The three day deadline lapsed, which was hardly enough for a full-blown investigation. Rejecting the apology conveyed by the Philippine envoy as not sincere enough, Taiwan froze the hiring of prospective OFWs and sent back Manila's top consul. A second wave of sanctions ensued, including a red alert advisory for travel to the Philippines, suspension of economic and cultural exchanges, and navy drills near Taiwan-Philippine borders. This despite some $6.7 billion in trade deficit between the two country in favor of Taiwan.

Two-way street

Filipinos abroad and at home took to the Internet to protest. Some were angry at the Philippine government for being incompetent in dealing with the crisis. Some congratulated the Aquino administration for taking a stand against perceived intrusions to Philippine seas. But mostly, people were worried for the safety of OFWs based in Taiwan.

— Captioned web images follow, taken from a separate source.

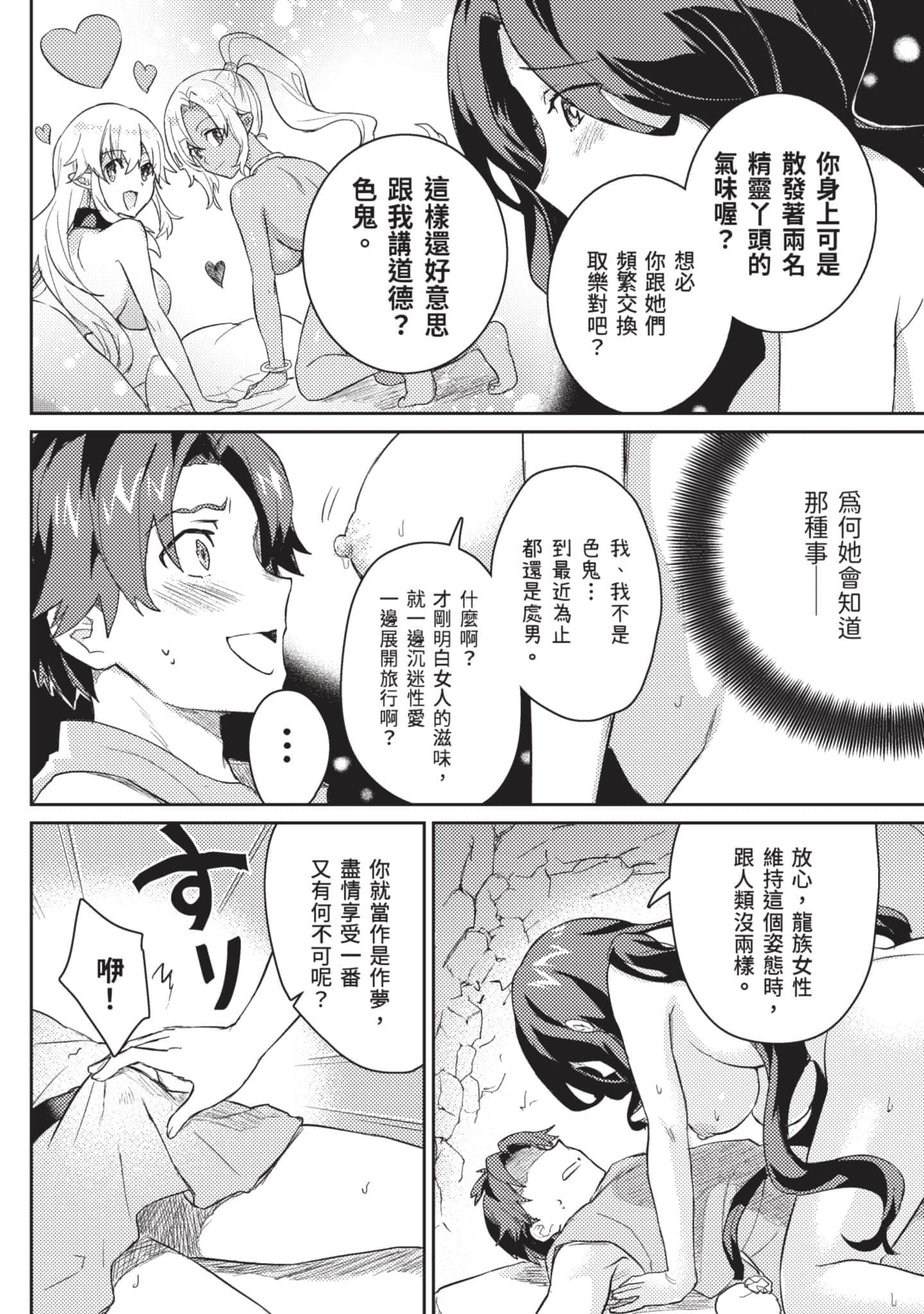 第 2 卷 第 37 页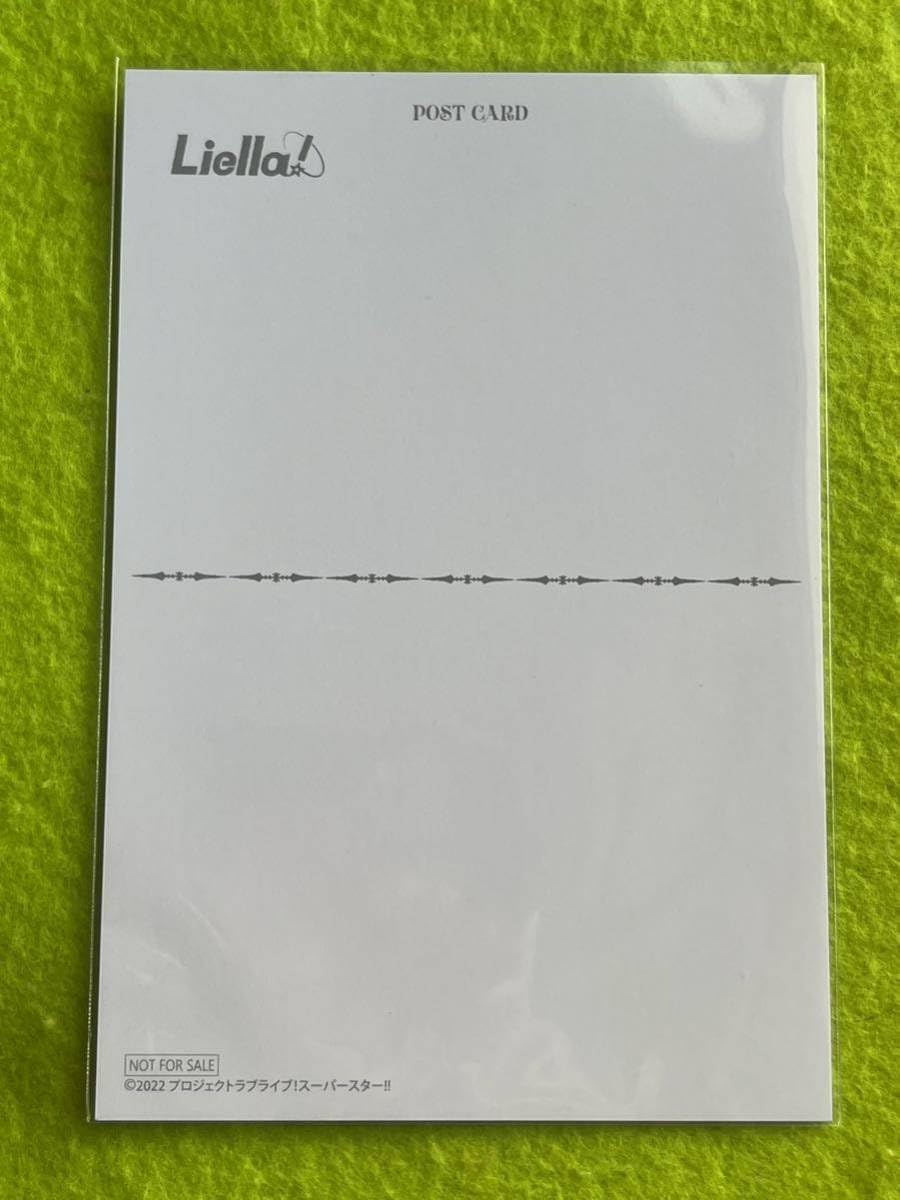 Amazon.co.jp: 鬼塚冬毬 ラブライブ！スーパースター!! 2023 SUMMER in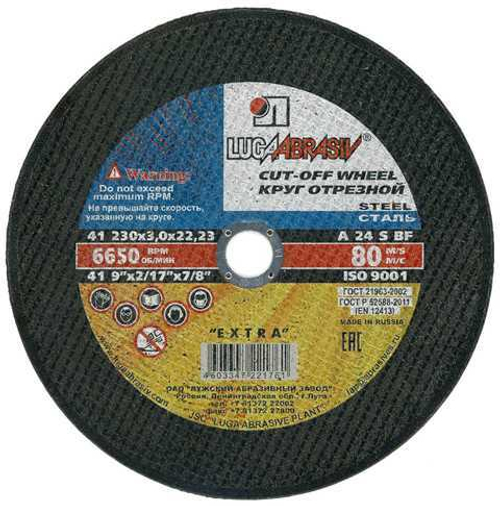 ЛУГА 18252м Диск отрезной 180х2,5х22мм по металлу---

We ourselves had relatives and friends calling or messaging to ask if we're OK.

Freeze hiring of Filipino workers was the knee-jerk reaction from the Taiwan government. It seems that as a receiving host, it forgets that labor migration is a two-way street. Taiwan with its zero percent population growth needs workers from other countries to man its many factories and to care for its aging population. Aside from having a reputation for being hard working, Filipinos possess basic English skills that enable them to figure out labels in complex machinery - a task that other counterparts in Southeast Asia couldn't master so well. Some observers claimed that the tech industry in Taiwan will suffer from the exodus of Philippine labor.

Sooner or later, the diplomatic row will probably be resolved and dialogue between the governments will resume. What's unacceptable though is the abuse of overseas Filipino workers. Violence against migrant workers - both physical and emotional - must be condemned. The threat of financial instability faced by those whose contracts are just about to expire and those who are yet to be deployed is also damage already done.

But for my wife and I, the issue is much more than employment contracts. Our first daughter was born in Taiwan three months ago. If we stayed long enough to see her grow up and probably study here, we fear that our daughter will be labeled as an unwanted foreigner - among our other worries as migrant workers in another land. This is not to say that our problem is bigger than the hopes anchored by prospective OFWs (especially those who've paid agency fees) to a job in Taiwan. For us, the issue just got closer to home.